You can find a working implementation on GitHub! Feel free to use.

I haven’t finished yet

There is more! In the next post, I’ll show you my efforts trying to get the same LER in the Grave’s PhD Thesis5.

See you soon!

Edit 03/23/2017: Updated to TF1.0+.

References & Footnotes

1. Dialect regions: (1) New England, (2) Northern, (3) North Midland, (4) South Midland, (5) Southern, (6) New York City, (7) Western, (8) Army Brat (moved around)

2. Francis, W. Nelson, and Henry Kucera. “Brown corpus manual.” Brown University (1979).

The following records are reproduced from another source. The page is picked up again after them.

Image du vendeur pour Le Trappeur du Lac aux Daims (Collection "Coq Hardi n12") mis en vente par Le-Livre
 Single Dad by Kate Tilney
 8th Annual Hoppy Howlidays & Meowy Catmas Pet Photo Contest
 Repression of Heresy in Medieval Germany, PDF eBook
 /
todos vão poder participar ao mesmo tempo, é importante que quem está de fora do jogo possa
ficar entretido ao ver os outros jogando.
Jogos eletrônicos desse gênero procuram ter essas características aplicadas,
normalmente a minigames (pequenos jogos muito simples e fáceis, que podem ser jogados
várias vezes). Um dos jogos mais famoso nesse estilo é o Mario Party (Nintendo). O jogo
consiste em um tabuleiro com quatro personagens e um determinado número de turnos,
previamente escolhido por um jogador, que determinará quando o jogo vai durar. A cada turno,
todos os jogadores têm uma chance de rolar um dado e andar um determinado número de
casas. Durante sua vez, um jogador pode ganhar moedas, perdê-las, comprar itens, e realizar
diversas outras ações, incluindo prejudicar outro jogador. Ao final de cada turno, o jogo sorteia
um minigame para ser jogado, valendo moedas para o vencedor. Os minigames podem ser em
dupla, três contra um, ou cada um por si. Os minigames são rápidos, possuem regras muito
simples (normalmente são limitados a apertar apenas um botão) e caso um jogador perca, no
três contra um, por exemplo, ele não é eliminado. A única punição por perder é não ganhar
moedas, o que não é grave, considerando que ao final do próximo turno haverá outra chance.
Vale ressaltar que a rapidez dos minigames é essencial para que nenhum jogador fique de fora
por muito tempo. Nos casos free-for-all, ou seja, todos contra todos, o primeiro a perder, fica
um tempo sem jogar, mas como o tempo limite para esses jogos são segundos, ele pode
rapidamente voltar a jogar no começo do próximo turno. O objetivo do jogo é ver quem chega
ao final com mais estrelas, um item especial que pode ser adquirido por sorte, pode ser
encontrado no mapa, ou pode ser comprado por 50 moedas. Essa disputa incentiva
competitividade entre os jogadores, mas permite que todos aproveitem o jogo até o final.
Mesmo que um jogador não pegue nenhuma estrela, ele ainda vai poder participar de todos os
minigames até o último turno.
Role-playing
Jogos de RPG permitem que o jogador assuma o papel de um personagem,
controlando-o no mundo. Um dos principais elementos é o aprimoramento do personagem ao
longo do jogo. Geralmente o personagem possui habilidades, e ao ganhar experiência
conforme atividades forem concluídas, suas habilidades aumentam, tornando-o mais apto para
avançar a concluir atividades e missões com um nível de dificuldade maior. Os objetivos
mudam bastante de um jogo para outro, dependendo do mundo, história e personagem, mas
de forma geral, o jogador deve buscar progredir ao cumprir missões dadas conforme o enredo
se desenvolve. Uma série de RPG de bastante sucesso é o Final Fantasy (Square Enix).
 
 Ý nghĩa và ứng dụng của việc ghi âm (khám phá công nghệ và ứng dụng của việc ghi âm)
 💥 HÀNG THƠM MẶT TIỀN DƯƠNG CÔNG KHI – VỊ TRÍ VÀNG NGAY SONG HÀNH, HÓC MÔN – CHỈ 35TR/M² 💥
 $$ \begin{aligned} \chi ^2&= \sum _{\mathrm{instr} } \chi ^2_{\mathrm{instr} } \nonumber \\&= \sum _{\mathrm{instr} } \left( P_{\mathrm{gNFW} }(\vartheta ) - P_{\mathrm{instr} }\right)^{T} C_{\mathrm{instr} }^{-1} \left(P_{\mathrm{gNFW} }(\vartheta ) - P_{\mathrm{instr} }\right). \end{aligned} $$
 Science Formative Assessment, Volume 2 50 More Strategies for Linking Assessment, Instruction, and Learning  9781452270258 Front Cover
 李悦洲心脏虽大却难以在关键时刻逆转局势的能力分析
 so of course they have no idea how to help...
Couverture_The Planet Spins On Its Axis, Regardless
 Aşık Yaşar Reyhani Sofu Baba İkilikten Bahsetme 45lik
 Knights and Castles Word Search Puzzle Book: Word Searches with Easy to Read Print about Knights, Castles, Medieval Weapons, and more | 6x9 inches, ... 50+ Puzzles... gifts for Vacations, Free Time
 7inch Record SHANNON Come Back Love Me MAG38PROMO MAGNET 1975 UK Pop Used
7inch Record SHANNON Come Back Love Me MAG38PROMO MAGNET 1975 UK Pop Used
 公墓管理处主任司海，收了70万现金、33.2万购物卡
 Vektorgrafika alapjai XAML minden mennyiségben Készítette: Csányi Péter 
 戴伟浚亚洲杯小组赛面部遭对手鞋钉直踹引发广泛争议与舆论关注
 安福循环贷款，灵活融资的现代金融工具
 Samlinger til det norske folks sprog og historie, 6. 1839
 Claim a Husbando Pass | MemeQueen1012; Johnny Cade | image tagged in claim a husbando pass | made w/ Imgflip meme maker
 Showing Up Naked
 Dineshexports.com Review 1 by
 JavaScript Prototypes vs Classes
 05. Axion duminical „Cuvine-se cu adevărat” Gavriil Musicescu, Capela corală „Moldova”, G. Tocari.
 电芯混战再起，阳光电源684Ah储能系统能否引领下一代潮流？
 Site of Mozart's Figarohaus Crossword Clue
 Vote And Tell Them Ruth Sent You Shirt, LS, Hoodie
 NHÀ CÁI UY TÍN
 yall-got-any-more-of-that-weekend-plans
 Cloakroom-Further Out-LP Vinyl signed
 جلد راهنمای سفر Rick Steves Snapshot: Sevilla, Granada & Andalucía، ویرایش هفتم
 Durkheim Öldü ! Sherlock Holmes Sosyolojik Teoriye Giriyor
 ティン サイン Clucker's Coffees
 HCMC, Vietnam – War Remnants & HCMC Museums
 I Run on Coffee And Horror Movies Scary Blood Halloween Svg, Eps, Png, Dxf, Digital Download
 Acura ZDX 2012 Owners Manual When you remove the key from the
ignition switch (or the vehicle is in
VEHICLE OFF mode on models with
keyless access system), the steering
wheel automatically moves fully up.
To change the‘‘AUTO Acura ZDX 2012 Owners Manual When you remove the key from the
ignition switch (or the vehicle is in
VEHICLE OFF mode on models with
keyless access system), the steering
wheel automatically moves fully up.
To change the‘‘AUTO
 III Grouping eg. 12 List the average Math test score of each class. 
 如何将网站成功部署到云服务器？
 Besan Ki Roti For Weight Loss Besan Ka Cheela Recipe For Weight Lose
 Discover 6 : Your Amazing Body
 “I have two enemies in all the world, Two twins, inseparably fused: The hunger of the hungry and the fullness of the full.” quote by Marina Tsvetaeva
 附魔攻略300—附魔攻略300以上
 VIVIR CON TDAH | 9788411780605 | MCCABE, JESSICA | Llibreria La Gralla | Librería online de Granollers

3. Graves, Alex, et al. “Connectionist temporal classification: labelling unsegmented sequence data with recurrent neural networks.” Proceedings of the 23rd international conference on Machine learning. ACM, 2006.

4. Chorowski, Jan, et al. “End-to-end continuous speech recognition using attention-based recurrent NN: first results.” arXiv preprint arXiv:1412.1602 (2014).

5. Graves, Alex. “Neural Networks.” Supervised Sequence Labelling with Recurrent Neural Networks. Springer Berlin Heidelberg, 2012.